I saw this coming four years ago. First we had China making currency swap deals with small countries such as Malaysia, Belarus and Turkey. Then larger and more important countries like Brazil, Russia and the Middle East oil producers joined in too and, earlier this year, 10 ASEAN Nations also arranged currency swap deals with China. Then India and China took the huge step of arranging currency swaps worth billions with Japan. And, not that long ago we heard that India, due to her large demand for oil, has now agreed to pay for her Iran oil by using both gold and rupees(thus ignoring the intermediary dollar).
Now we have China, as well as India, agreeing to pay for her Iranian oil with hard gold to avoid UN sanction penalties.
But, perhaps, the best definition of exactly what effect this will have on the abandoned petrodollar was written by Jim Sinclair. This man knows all about gold:
The SWIFT (Society for Worldwide Interbank Financial Telecommunication) system is the computer/telecom network system that controls all interbank transfer of funds worldwide. It is a part of the Anglo-American Illuminist financial hegemony. Once a country is locked out of the system, it can no longer execute payments to foreign countries/companies ie. it can no longer conduct international trade via fiat currencies. The way out is via bartering or international trade settlement via gold. Quite obviously, America has declared economic war on Iran and any country which defy America will face sanctions.
The Implications Of China Paying In Gold !
by Jim Sinclair,
The implications of China paying for Iranian oil in gold is the most important event in the modern history of gold.
1. It is reasonable to assume that China has been threatened with total or at least selective exclusion from the SWIFT system if it pays in any currency for Iranian oil.
2. Gold has been decided by China as the means of making payment for massive international purchases free of the SWIFT system.
3. Other Asian and Middle Eastern nations will now see the gold they hold as money free of Western economic interference.
4. Gold now is not only money free of liability, but also free from interference regarding settlement by the long arm of Western influence.
5. The SWIFT system is becoming ever more a weapon of Western international political will.
6. In case of war anywhere, it is now demonstrated for all to see that only gold will buy the materials required. Paper currencies are under the SWIFT system’s control in settlement.
7. Far from being a barbaric relic, gold is now clearly the money of state survival in every sense.
8. It is reasonable and possible for the supply of physical gold to fall far behind the size of the massive short positions now common to algorithm and hedge fund paper shorts. That will make an effective cover at a reasonable price as compared to a certain day’s close impossible the following day on an exogenous event.
9. It may not be possible to use TA of any nature to determine a price of overvaluation for gold. Should the USA decide to take on China in full out economic war with the physical market totally illiquid, such as through isolation from the SWIFT system, consider the gold price that might result.

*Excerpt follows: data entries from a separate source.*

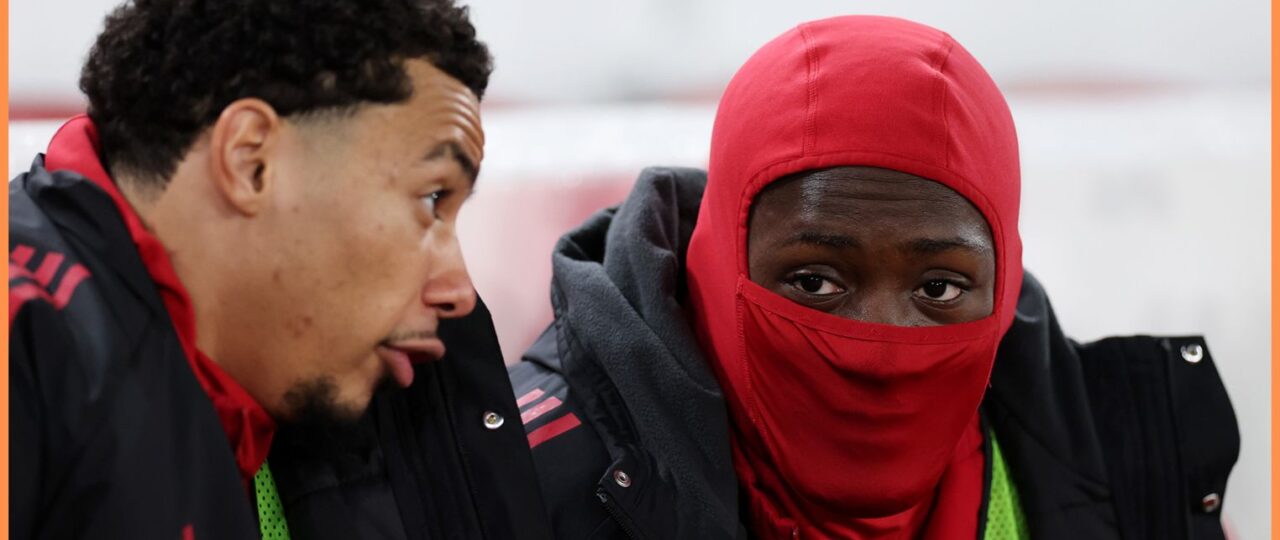 Hugo Ekitike just said what everyone’s really thinking about Ibrahima Konate decision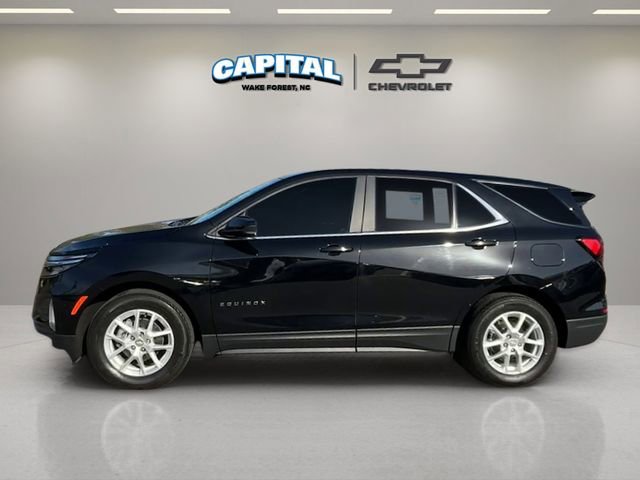 Used 2023 Chevrolet Equinox LT FWD image 2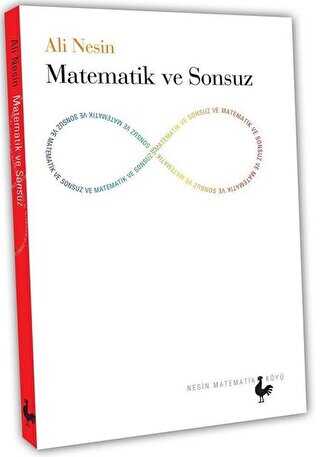 Matematik ve Sonsuz - Nesin Yayınevi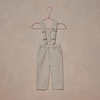 Suspender Pant Fog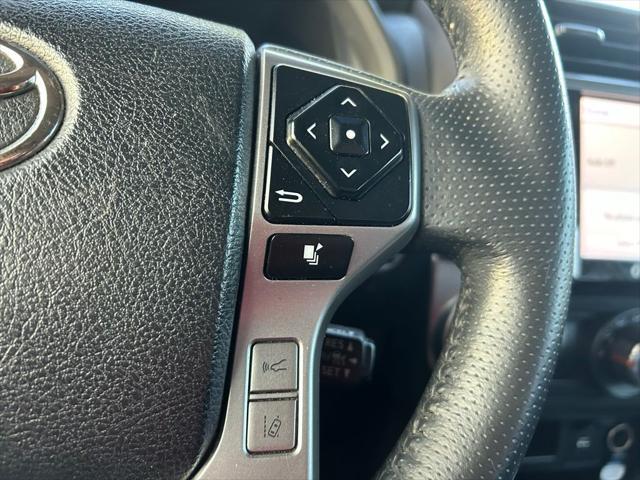 used 2020 Toyota 4Runner car, priced at $30,977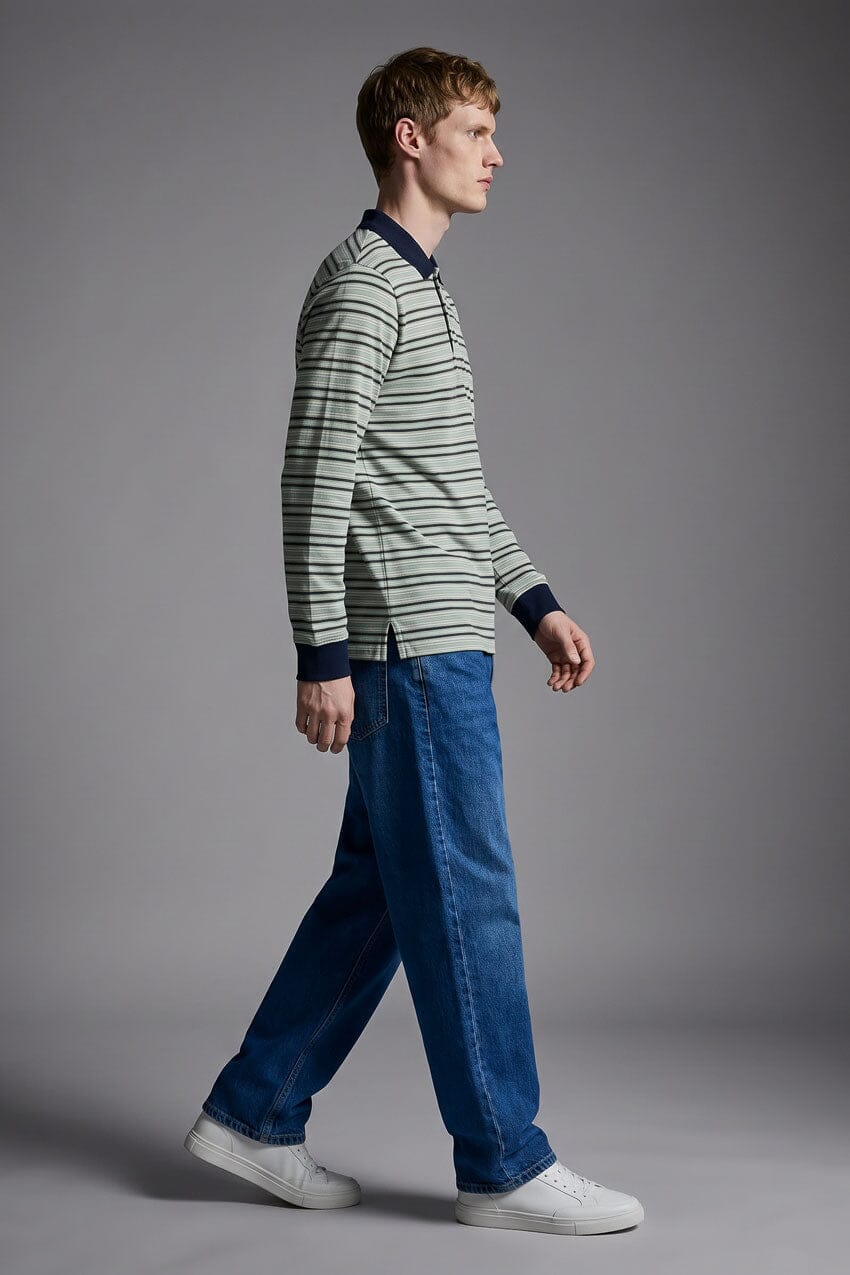 Mint Green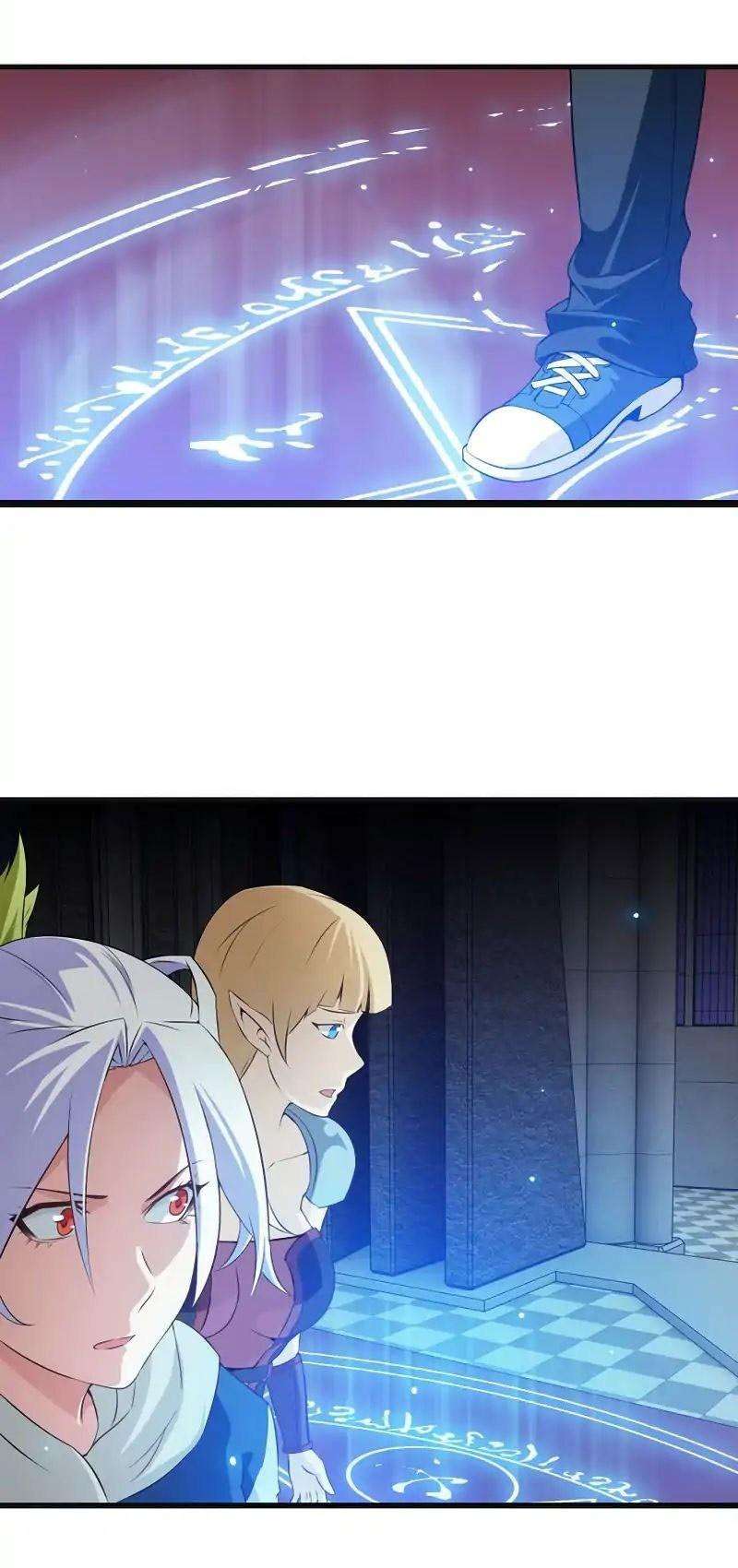 My Wife is a Demon Queen Chapter 3 Gambar 9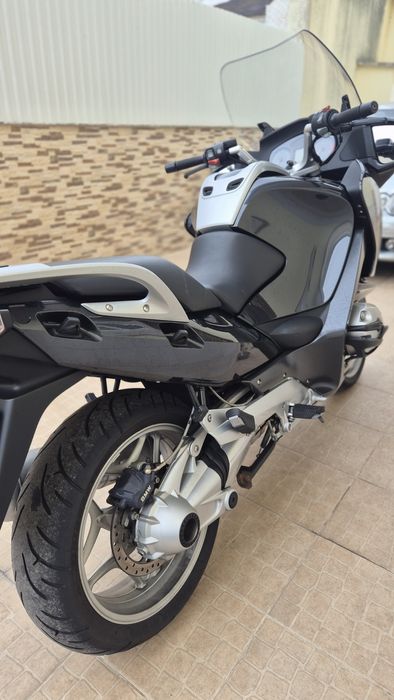 BMW 1200 RT 2006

China will start buying oil for gold on June 28, 2012. and her government appears to be in the process of actually monetizing gold.
So this news is very bad indeed for the US dollar and hugely positive news for gold. Less need for the trade dollar means less US Treasuries bought by other foreign countries worldwide which means even less free credit for America from these foreign mercantilists. Well Oh Dear !!
And what effect will a trashing dollar have on the US economy's relatively unnoticed "recovery"?
You wont read about this in the WaPo, NYT or any other large media outlets in the US but it certainly looks like the "Barbaric Relic" is making quite a comeback. Such a shame about the dollar though.